_Work item_: Write back every entry exactly as it reads, with the pictures left behind.

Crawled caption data
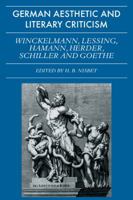 German Aesthetic and Literary Criticism: Winckelmann, Lessing, Hamann, Herder, Schiller and Goethe (Galc) 0521280095 Book Cover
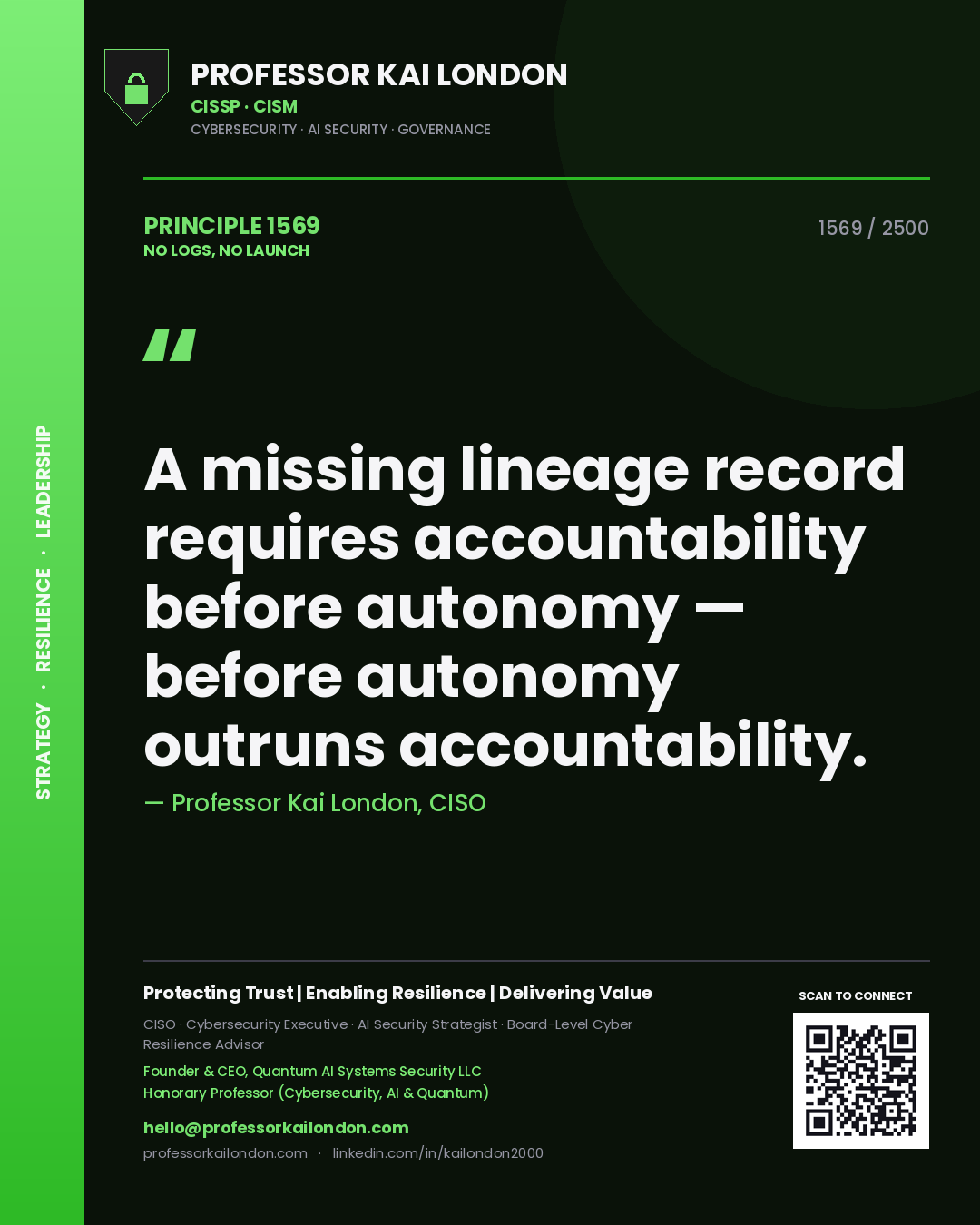 Professor Kai London principle 1569: A missing lineage record requires accountability before autonomy — before autonomy outruns accountability.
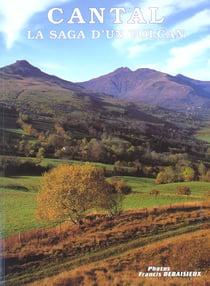 Cantal - la saga d'un volcan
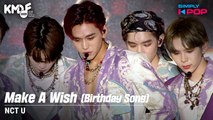 [Simply K-Pop] NCT U (엔시티 유) - Make A Wish (Birthday Song) _ KMDF 2020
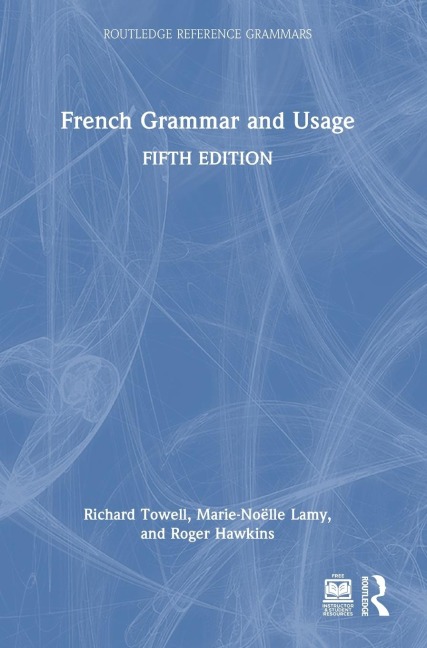 French Grammar and Usage - Richard Towell, Marie-Noëlle Lamy, Roger Hawkins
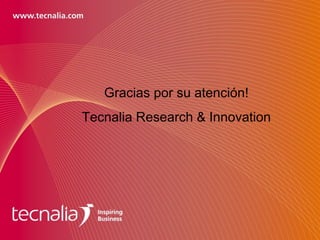 Gracias por su atención!
Tecnalia Research & Innovation
 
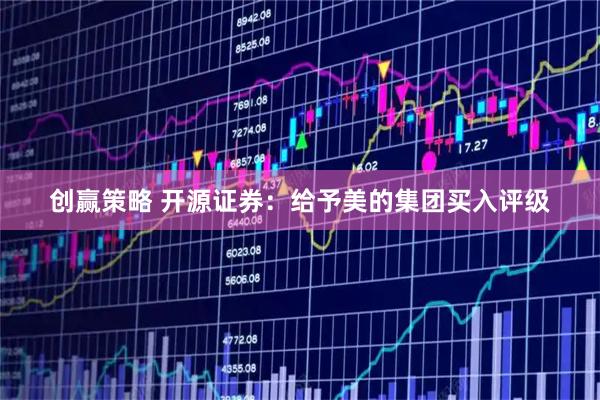 创赢策略 开源证券：给予美的集团买入评级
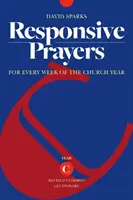 Modlitwy responsoryjne: Na każdy tydzień roku kościelnego, rok C - Responsive Prayers: For Every Week of the Church Year, Year C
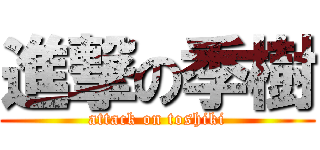 進撃の季樹 (attack on toshiki)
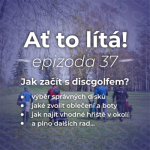 Obrázek epizody 37: Jak začít s discgolfem?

_The completed task_:
 German Aesthetic and Literary Criticism: Winckelmann, Lessing, Hamann, Herder, Schiller and Goethe (Galc) 0521280095 Book Cover
 Professor Kai London principle 1569: A missing lineage record requires accountability before autonomy — before autonomy outruns accountability.
 Cantal - la saga d'un volcan
 [Simply K-Pop] NCT U (엔시티 유) - Make A Wish (Birthday Song) _ KMDF 2020
 French Grammar and Usage - Richard Towell, Marie-Noëlle Lamy, Roger Hawkins
 Gracias por su atención!
Tecnalia Research & Innovation
 
 创赢策略 开源证券：给予美的集团买入评级
 Modlitwy responsoryjne: Na każdy tydzień roku kościelnego, rok C - Responsive Prayers: For Every Week of the Church Year, Year C
 進撃の季樹 (attack on toshiki)
 Obrázek epizody 37: Jak začít s discgolfem?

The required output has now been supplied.